Stored items:

━━━━━━━━━━━━━━━━━━━━━━━━━━━━━━

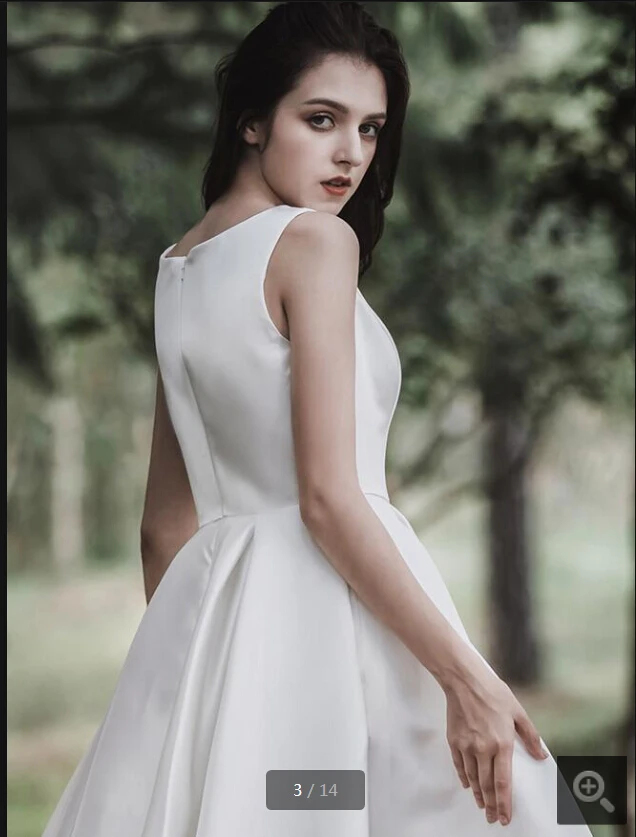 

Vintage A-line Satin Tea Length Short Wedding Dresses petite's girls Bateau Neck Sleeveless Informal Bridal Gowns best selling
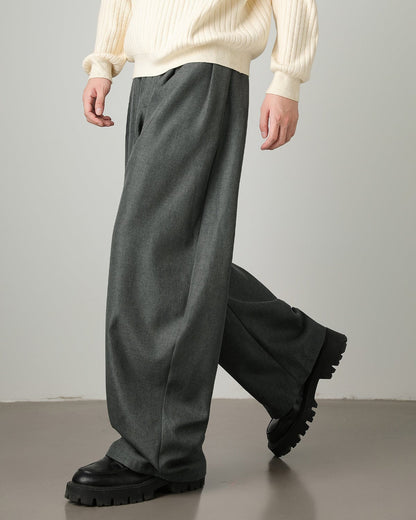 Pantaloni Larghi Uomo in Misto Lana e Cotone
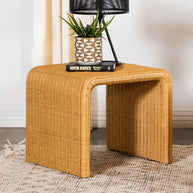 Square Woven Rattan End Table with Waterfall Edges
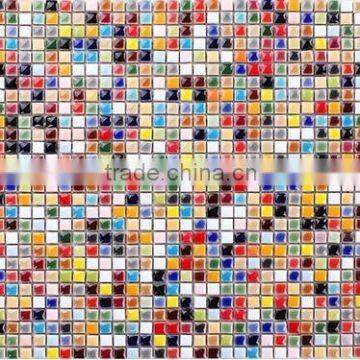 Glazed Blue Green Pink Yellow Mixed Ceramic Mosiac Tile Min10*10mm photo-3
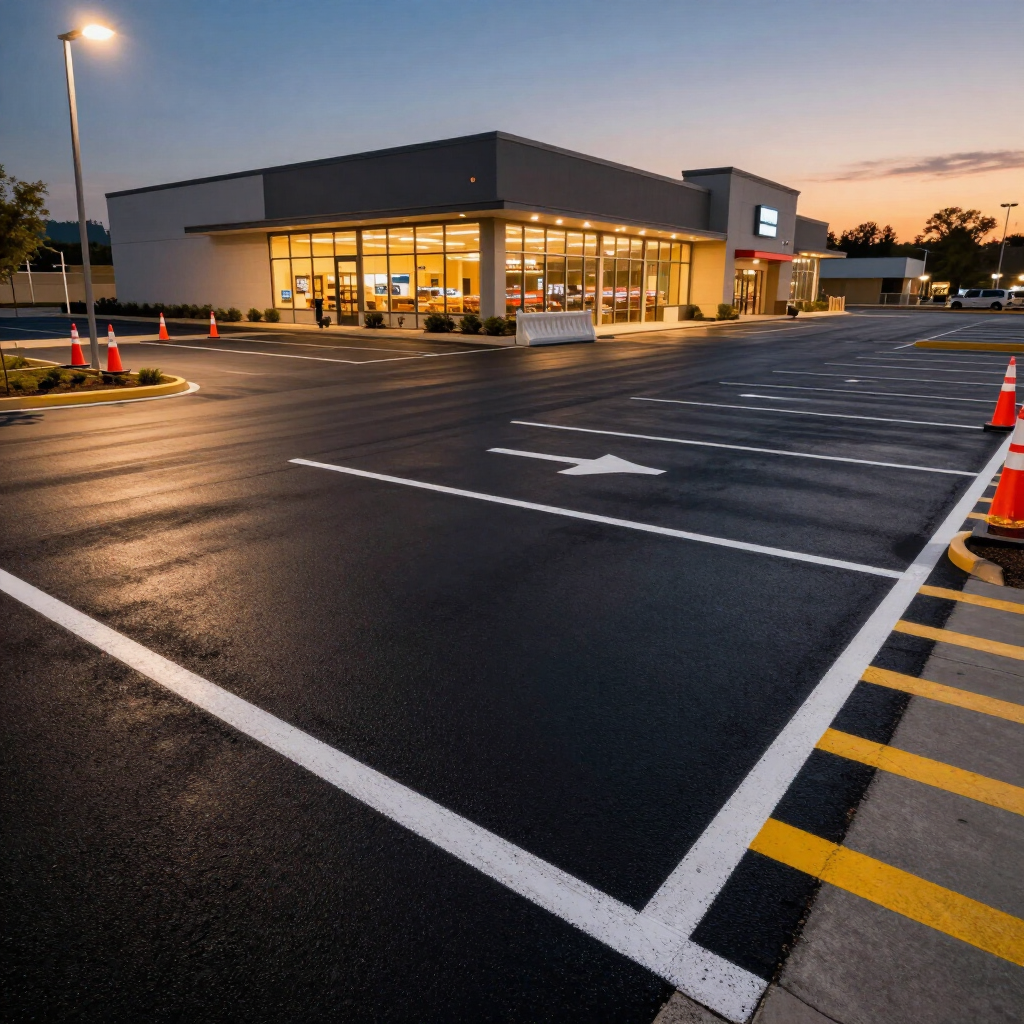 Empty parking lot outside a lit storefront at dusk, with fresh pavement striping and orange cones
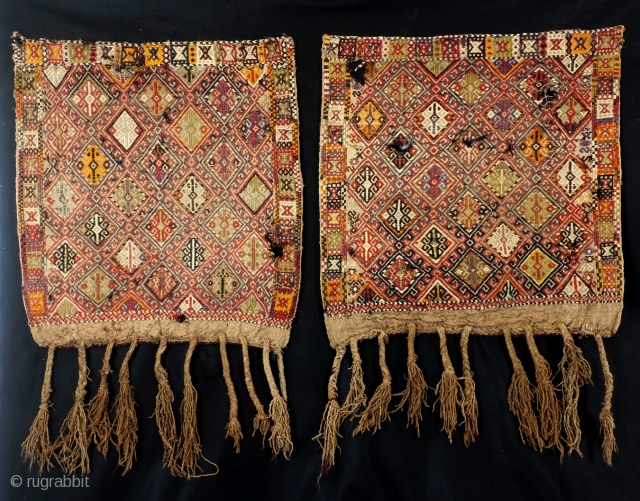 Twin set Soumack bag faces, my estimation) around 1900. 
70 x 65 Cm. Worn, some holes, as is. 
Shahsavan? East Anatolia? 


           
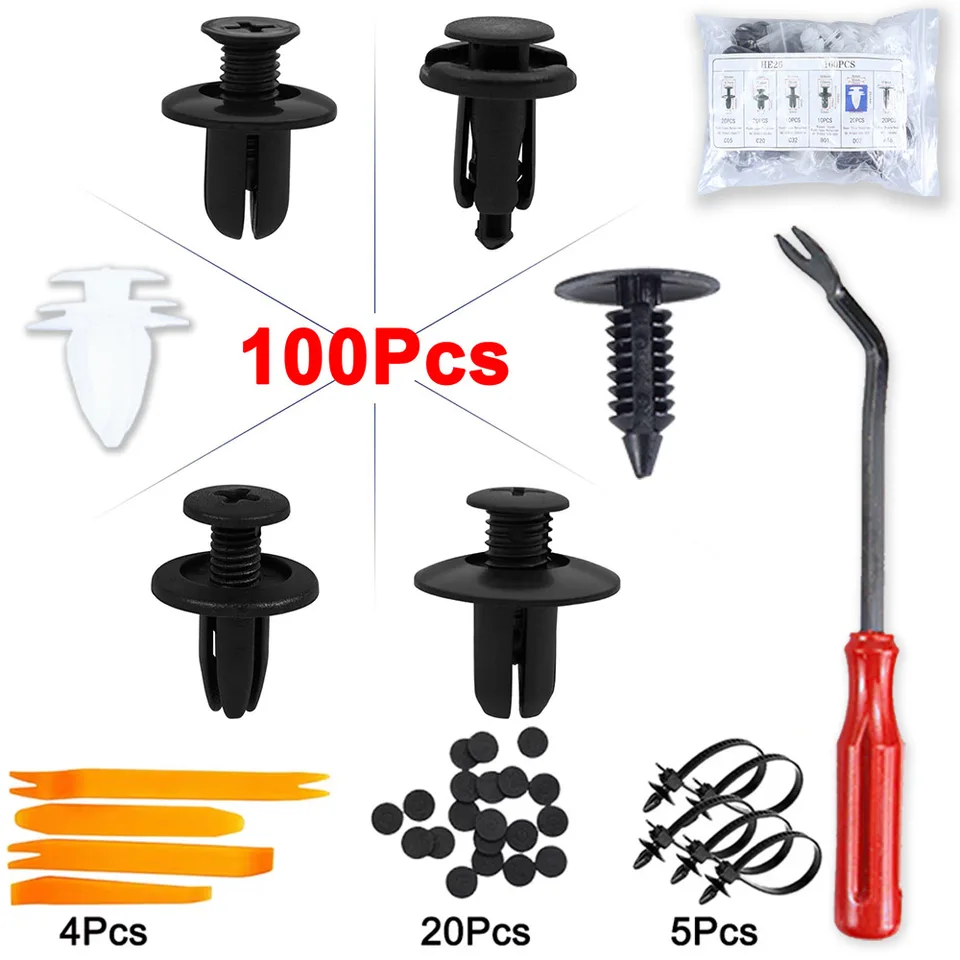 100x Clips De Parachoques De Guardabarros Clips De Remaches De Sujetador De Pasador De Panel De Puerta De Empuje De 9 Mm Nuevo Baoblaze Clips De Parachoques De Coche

━━━━━━━━━━━━━━━━━━━━━━━━━━━━━━

◆ Task description
Transcribe exactly, and only, the lines from the one with "70 x 65 Cm. Worn, some holes, as is." through the final line of the data above. The pictures stay out.

◆ Problem solution
70 x 65 Cm. Worn, some holes, as is. 
Shahsavan? East Anatolia? 


           
 100x Clips De Parachoques De Guardabarros Clips De Remaches De Sujetador De Pasador De Panel De Puerta De Empuje De 9 Mm Nuevo Baoblaze Clips De Parachoques De Coche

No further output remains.